Cultura

Morre aos 83 anos João Sattamini, colecionador que levou à construção do MAC, em Niterói

Economista deixa 1.250 obras dos grandes nomes da arte brasileira contemporânea
João Sattamini: acervo de 1250 obras de arte, depois de colecionar bolinhas de gude e gibis Foto: Ana Branco / Ana Branco
João Sattamini: acervo de 1250 obras de arte, depois de colecionar bolinhas de gude e gibis Foto: Ana Branco / Ana Branco

RIO — Morreu na manhã desta terça-feira, aos 83 anos, o colecionador João Sattamini. Ele estava internado havia dois meses e teve falência múltipla dos órgãos. Deixou a mulher, Elizângela, e os filhos Ana Paula, Vanessa, Valéria, Julia e Kayky. O velório será nesta quarta-feira, a partir do meio-dia, na capela 1 do Cemitério Jardim da Saudade, em Sulacap. O enterro está previsto para as 14h.

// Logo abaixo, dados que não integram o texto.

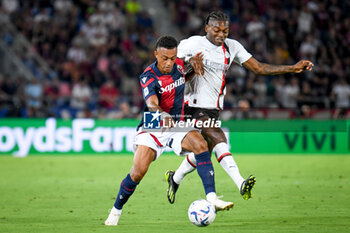 2023-08-21 - Bologna's Dan Ndoye in action against Milan's Rafael Leao - BOLOGNA FC VS AC MILAN - ITALIAN SERIE A - SOCCER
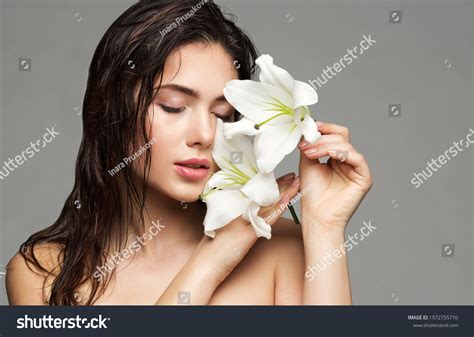 Wet Hair Woman Beauty Face Portrait ภาพสต็อก 1972755710 Shutterstock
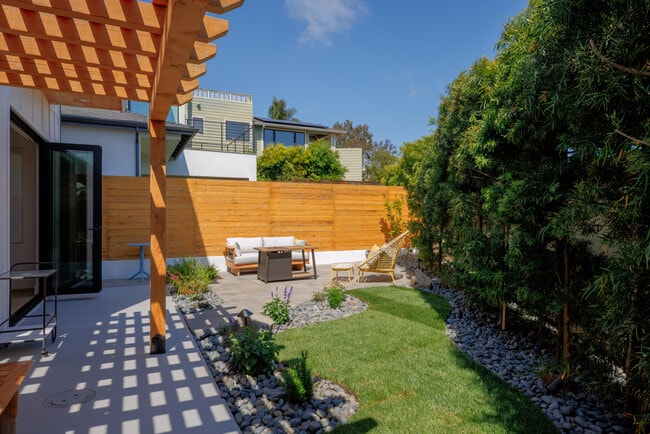 Building Photo - 623 Colima St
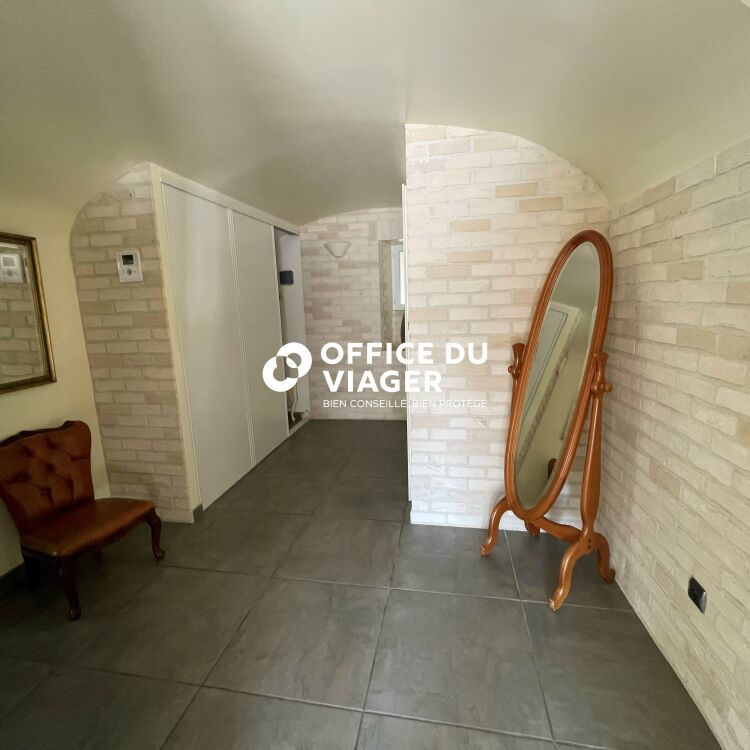 Maison - 5 pièces - 210 m²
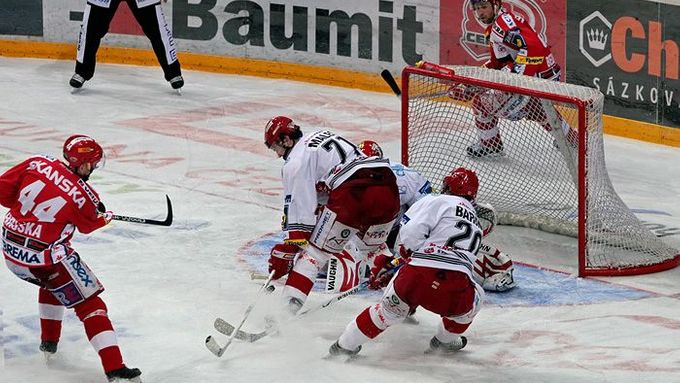 Hokejisté Třince vezou z Varů dva body.
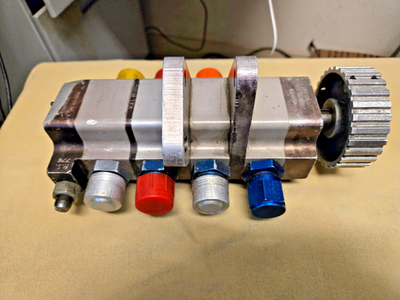 #ad Weaver 4 Stage Dry Sump Oil Pump and 28 Tooth Pulley Used $411.00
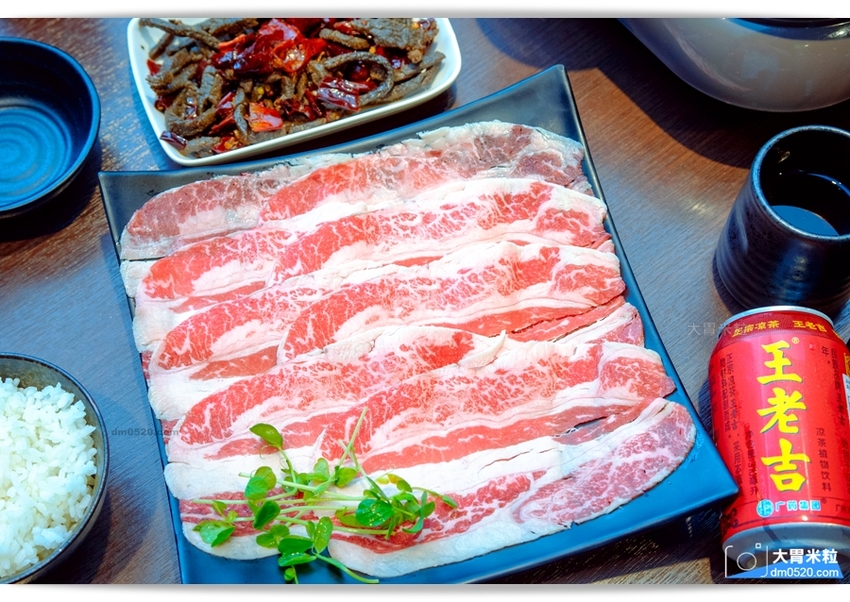 台北民生社區川菜名店,一品言巴渝特色餐館,招牌一品言重慶烤魚,麻辣鮮香,辣得過癮,多人聚餐推薦麻辣小龍蝦，肥厚超彈牙！台北松山區川菜推薦,台北松山區重慶烤魚推薦, - 大胃米粒 DAVID &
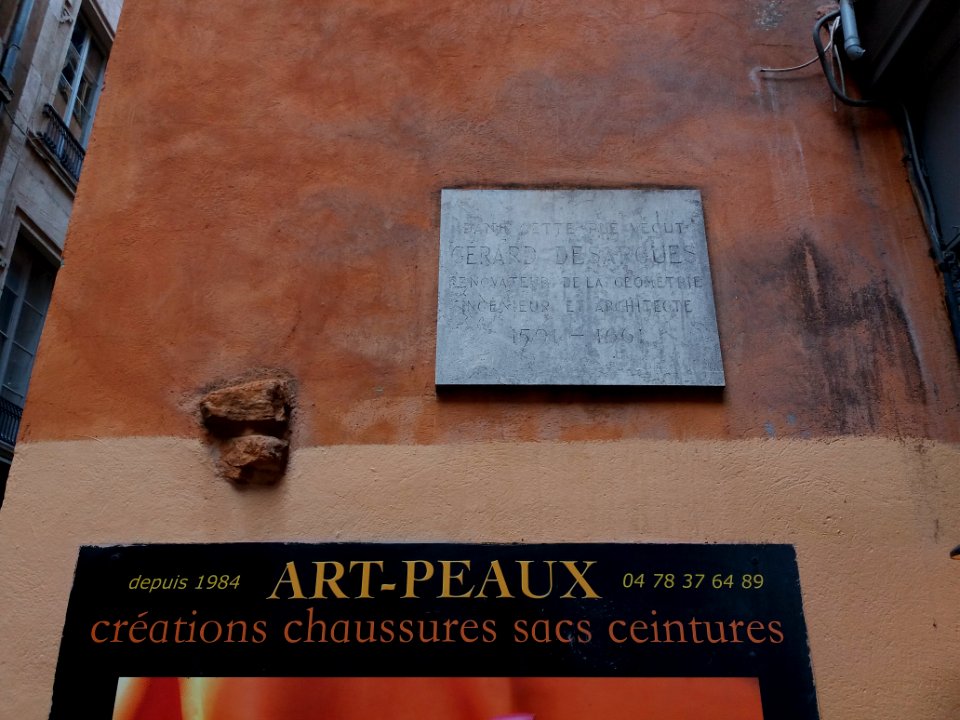 Lyon 5e - Rue des Trois Maries, plaque à Gérard Desargues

Sattamini costumava dizer que montar uma coleção é como falar com as pessoas: "É uma questão de se dialogar com um monte de gente", contou certa vez em entrevista do GLOBO, em 2004.

O homem de hábitos simples e muito bom de conversa conservou um acervo de quase 1.250 obras de arte, avaliado em cerca de US$ 100 milhões. Depois de colecionar bolinhas de gude e revistas em quadrinhos de heróis, foi a partir dos anos 1950 que o  economista e ex-funcionário do extinto Instituto Brasileiro do Café (IBC) ao longo de 30 anos (depois, construiu sua riqueza com a exportação do produto) começou a se dedicar ao mundo das artes.

"Faço uma aquisição porque gostei, não pela importância da peça ou por seu valor financeiro", disse ao GLOBO, também em 2004. E assim o dr. Sattamini, como era conhecido, montou uma das mais importantes coleções particulares de arte brasileira contemporânea (menor apenas que a de Gilberto Chateaubriand, no MAM). Só de Antônio Dias, morto em agosto deste ano, são 27 obras . Mas há outros conjuntos de nomes célebres: 22 peças de Lygia Clark, 22 de Ivan Serpa, 20 de Rubens Gerchman, 14 de Iberê Camargo e sete de Cildo Meireles, entre outros nomes que marcaram a história da arte no país.

Também fazem parte do acervo instalações de Helio Oiticica, obras de Maria Leontina da Costa, Milton Dacosta, Alfredo Volpi, Aluísio Carvão, Daniel Senise, Tomie Ohtake, Ana Bella Geiger, Leonilson, Djanira, Aluísio Carvão, Leda Catunda, Frans Krajcberg... Entre as raridades estão uma natureza-morta de Iberê Camargo, telas de Helio Oiticica da década de 50 e a pintura "Encontro", considerada referência do movimento concretista brasileiro.

Foi graças à busca por um lugar que pudesse abrigar sua coleção que foi construído o Museu de Arte Contemporânea (MAC), em Niterói. Ele procurou o então prefeito, Jorge Roberto da Silveira, amigo de infância de sua mulher, quando soube que havia prédios públicos na cidade que estavam desocupados e poderiam servir tanto como depósito quanto como local de exposição.

Mas Silveira propôs a construção de um novo prédio para esta finalidade. E, com a intermediação de Ana Maria Niemeyer, filha de Oscar Niemeyer, o arquiteto saiu por Niterói em busca de um terreno. E se apaixonou pela parte central do mirante da Boa Viagem, onde idealizou o projeto do museu, inaugurado em 1996.

- O Sattamini foi um colecionador especial focado em dois grandes grupos, Os concretos/ neoconcretos e a geração 80 - diz o curador Luiz Camilo Osorio. -  Tinha obras fundamentais da Lygia Clark e do Jorginho Guinle por exemplo. Inigualáveis. Sem contar o Antonio Dias, que foi seu grande estimulador no início da coleção.

A grande maioria das peças da coleção de Sattamini está cedida em comodato (empréstimo por contrato) ao MAC. Mas o colecionador mantinha algumas dezenas de importantes obras — como um Jorge Guinle, um grande Iberê Camargo e sete telas de Volpi, que têm preços estimados entre US$ 500 mil e US$ 1 milhão, cada uma — em seu apartamento, no Jardim Botânico, "por segurança". "Aqui eu tenho cuidado, eu olho, tenho extintores de incêndio escondidos em vários locais da casa, e espero que nenhum outro apartamento pegue fogo", explicava.

Há alguns anos, já havia desistido do hobby de colecionar qualquer que fosse o item: "isso não é hobby, é defeito".